The recipes in the book are pure and simple. When he spoke at this year’s Food On The Edge, Fadi kicked back at recipes like beetroot hummus. You won’t find that here, rather there is Hummous Mutabal Bil Tahinia. This is the original, placed alongside recipes for Palestinian bread, breakfasts, soups, kebabs – every one of which you’ll want to cook.
On the morning Fadi spoke in Galway, a vegetable grower, Yousef Abu Rabee, who was instrumental in trying to establish food sovereignty for the Palestinians, was killed by a drone attack. He was twenty-four years old. Fadi’s book, documenting the food culture of this region, could not be more important.
Bethlehem is published by Hardie Grant.
Tucking In by Sophie Wyburd
“Please DO NOT ask to have chicken in your pasta”, says the menu in Bar Italia, Dublin’s longstanding Roman Ristorante, echoing the words of luminary Italian writer Marcella Hazan. Classic Italian cooking doesn’t make that pairing.
We wondered, then, just what Marcella would make of Sophie Wyburd’s (cheesy) polenta with chicken - not just chicken - curried chicken! The answer? Marcella would declare that Sophie’s polenta with curried chicken is The Bomb! Because the dish is sheer killer, no filler. This girl can break the rules any way she wants to.
Sophie Wyburd made her name heading up the food team at Mob, that guerilla food writing adventure that shook up the food establishment with insta-ready food springing from your phone and inviting you to subscribe for the recipe, rather than buy the book.
Sophie is a quintessentially modern cook and writer, and Tucking In is a Manifesto For Moderns. The book explores all the tropes of modern recipe writing, the ingredients are global, the techniques are up-to-the-minute, so burgers are smashed, gnocchi is paired with chipotle, prawns with Manchego, carrots with tamarind, noodles with gochujang. It’s all cooked using modern techniques too - tray baked, layered over yogurt on small plates, grazing plattered.
And it is absolutely great. Her roast chicken employs a sensational technique. Her duck and lentils is a winner. The Sweet Stuff in the final chapter is all clever and decorative. Because of its iconoclasm and rule breaking, Tucking In is something of a contemporary classic.
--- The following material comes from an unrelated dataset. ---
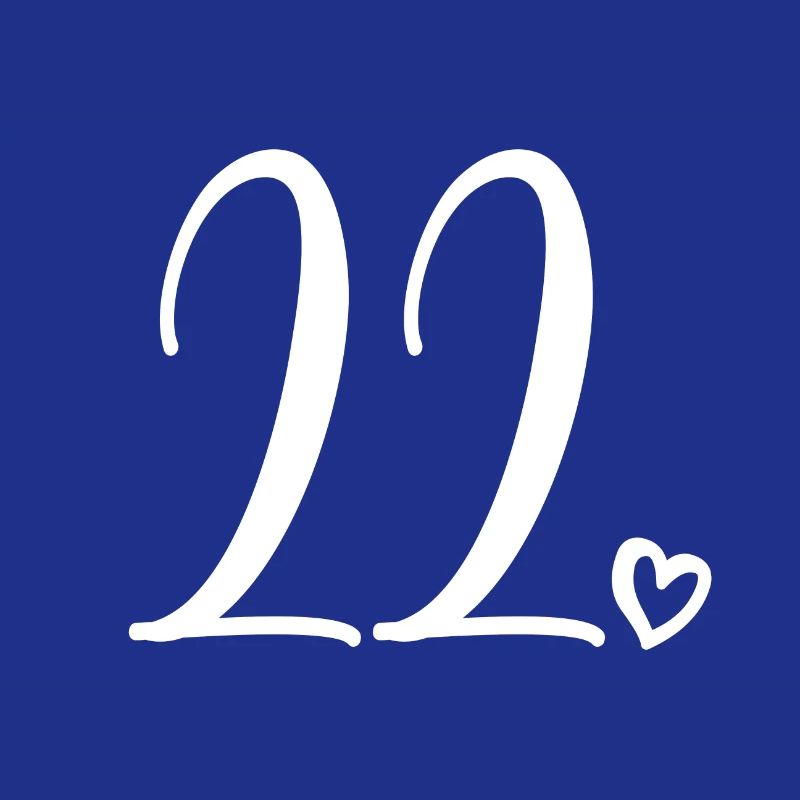 Mignon numéro 22, 22 ans, cadeau de 22e anniversaire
Tucking In is published by Ebury Press.
Upstairs Delicatessen by Dwight Garner
There is a convention amongst the culture supplements of the weekend newspapers where contributors are invited to imagine who they would invite to their ideal dinner party. Most people resort to famous historical figures, regardless of their appetites, their ability to make conversation, or their table manners. Most of these dinner party guests sound like the guests from hell.
Far better then, when your novel is finally published and you are asked to name your guests, to say that your ideal dinner party guest would be: Dwight Garner.
Mr Garner is still living, earns his bread as lead book reviewer of The New York Times, and is the author of The Upstairs Delicatessen. The book draws together the strings that have held his life and work together: reading, eating, and drinking. He excels at all three occupations.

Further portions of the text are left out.